The regalia and Crown jewels of Persia mentioned in these changes of royal rule have, by inexplicable good fortune, been preserved from plunder while in the hands of rebels. The Crown jewels are in great part a portion of the splendid spoil which Nadir Shah obtained in the sack of Delhi, when it was the capital of the richest empire in the East. On his assassination near Meshed, the treasury was seized by the troops, and while a considerable share, including the famous Koh-i-Nur diamond, which now adorns the English crown, fell to the Afghans with Nadir’s army, the greater part, with the Koh-i-Nur companion diamond, known as the Darya-i-Nur (Sea of Light), was secured by Persian soldiers, who hid it all away in Khorasan and the adjoining districts.
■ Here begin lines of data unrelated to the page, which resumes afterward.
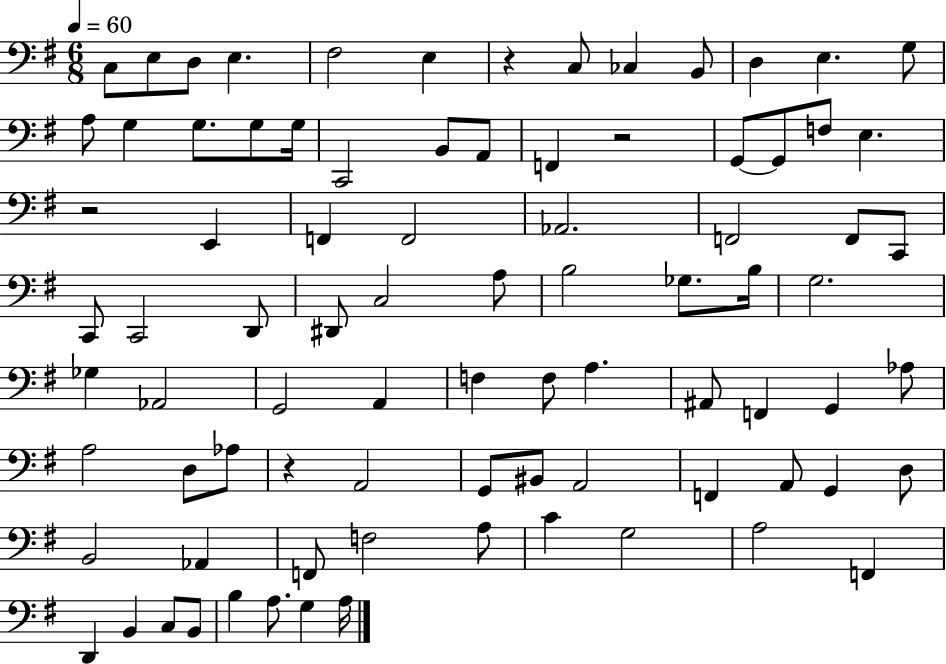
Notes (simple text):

C3/e E3/e D3/e E3/q. F#3/h E3/q R/q C3/e CES3/q B2/e D3/q E3/q. G3/e A3/e G3/q G3/e. G3/e G3/s C2/h B2/e A2/e F2/q R/h G2/e G2/e F3/e E3/q. R/h E2/q F2/q F2/h Ab2/h. F2/h F2/e C2/e C2/e C2/h D2/e D#2/e C3/h A3/e B3/h Gb3/e. B3/s G3/h. Gb3/q Ab2/h G2/h A2/q F3/q F3/e A3/q. A#2/e F2/q G2/q Ab3/e A3/h D3/e Ab3/e R/q A2/h G2/e BIS2/e A2/h F2/q A2/e G2/q D3/e B2/h Ab2/q F2/e F3/h A3/e C4/q G3/h A3/h F2/q D2/q B2/q C3/e B2/e B3/q A3/e. G3/q A3/s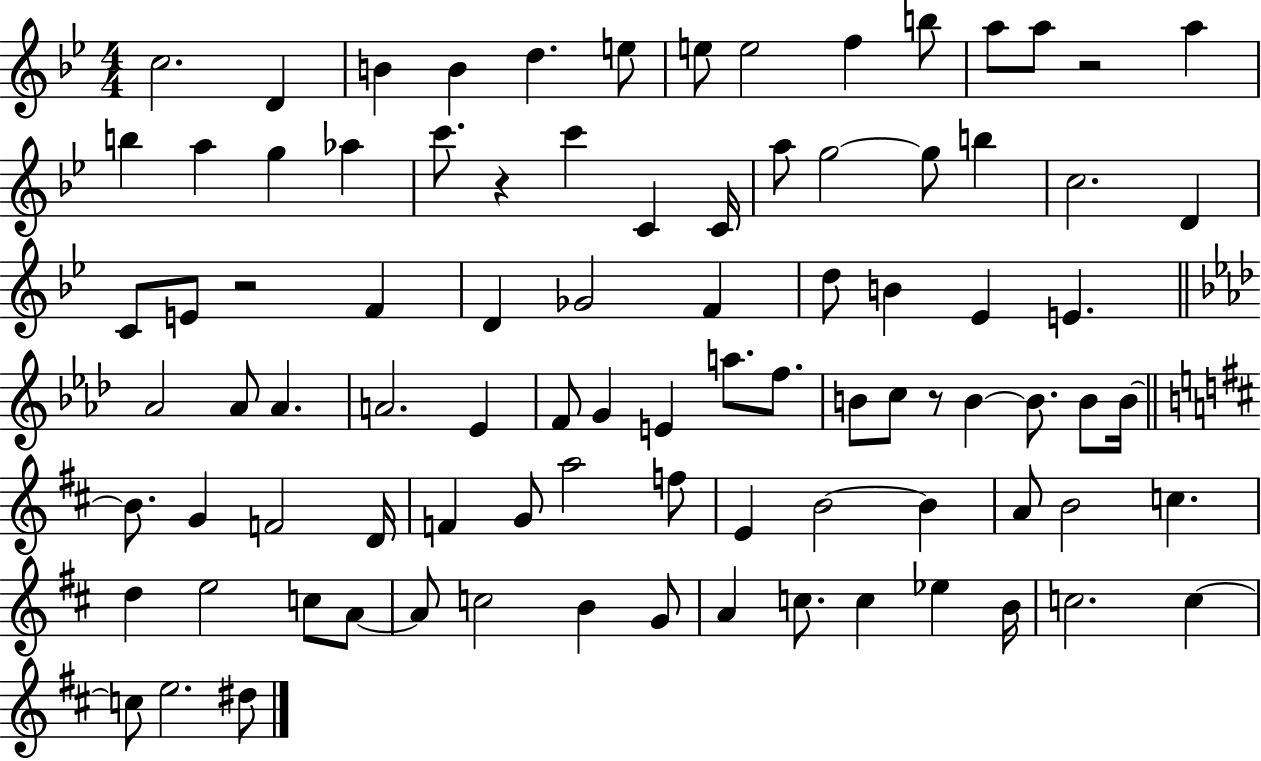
C5/h. D4/q B4/q B4/q D5/q. E5/e E5/e E5/h F5/q B5/e A5/e A5/e R/h A5/q B5/q A5/q G5/q Ab5/q C6/e. R/q C6/q C4/q C4/s A5/e G5/h G5/e B5/q C5/h. D4/q C4/e E4/e R/h F4/q D4/q Gb4/h F4/q D5/e B4/q Eb4/q E4/q. Ab4/h Ab4/e Ab4/q. A4/h. Eb4/q F4/e G4/q E4/q A5/e. F5/e. B4/e C5/e R/e B4/q B4/e. B4/e B4/s B4/e. G4/q F4/h D4/s F4/q G4/e A5/h F5/e E4/q B4/h B4/q A4/e B4/h C5/q. D5/q E5/h C5/e A4/e A4/e C5/h B4/q G4/e A4/q C5/e. C5/q Eb5/q B4/s C5/h. C5/q C5/e E5/h. D#5/e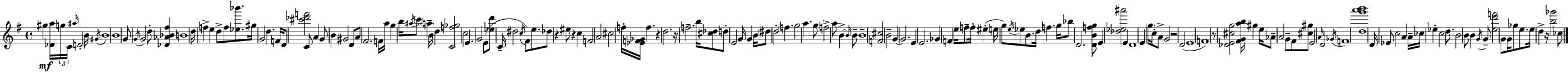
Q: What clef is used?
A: treble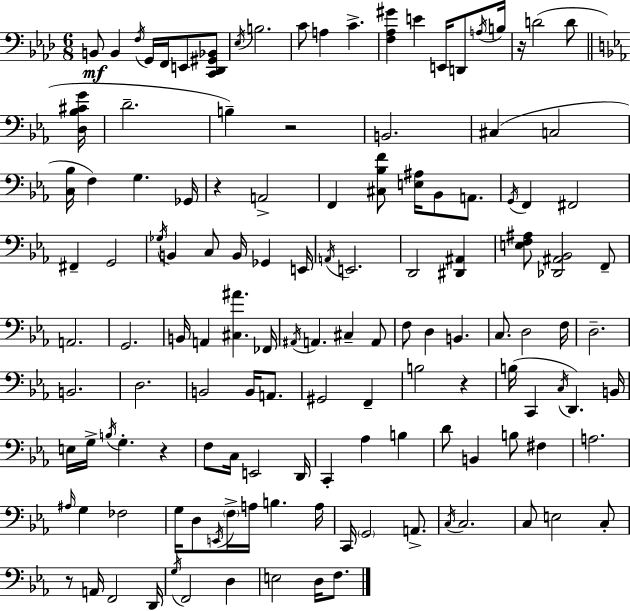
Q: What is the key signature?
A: AES major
When Agha Mohamed Shah found leisure from his wars and work of firmly establishing his authority, he turned his attention to the recovery of Nadirs jewels, and proceeded to Meshed, where, by means of cunning and cruelty, he succeeded in wresting from the plunderers of Nadir’s camp, and others, the rare collection of gems and ornaments now in the royal treasury at Tehran. The value of the collection is believed to be very great.
The singular preservation of the regalia and Crown jewels of Persia from plunder while they were in the hands of rebels after the death of Agha Mohamed Shah, and again on the death of Fatch Ali Shah, is most remarkable. A superstitious feeling of fear and respect appears to have kept them from being lost from the Crown, or it may be that, on the principle of ‘safety in numbers,’ every one, with a prospective share of the plunder in view, was a check on his neighbour against theft of that which they thought belonged to all.
Sultan Masud Mirza, better known as the Zil-es-Sultan, the eldest son of the late Shah, has generally been regarded as likely to challenge the right of his younger brother to the throne. His ambition and overweening self-confidence combined to make him imprudent in permitting his partisans to speak aloud of his superior qualifications as a successor to his father. The late Shah’s considerate treatment of him on all occasions also led him to make ill-judged requests for such extended rule in the South that his father said Persia was not large enough for two Shahs. I think his idea of a viceroyalty in the South came from foolish vanity, and not from any serious thought of semi-independence, as some who heard him speak on this subject supposed.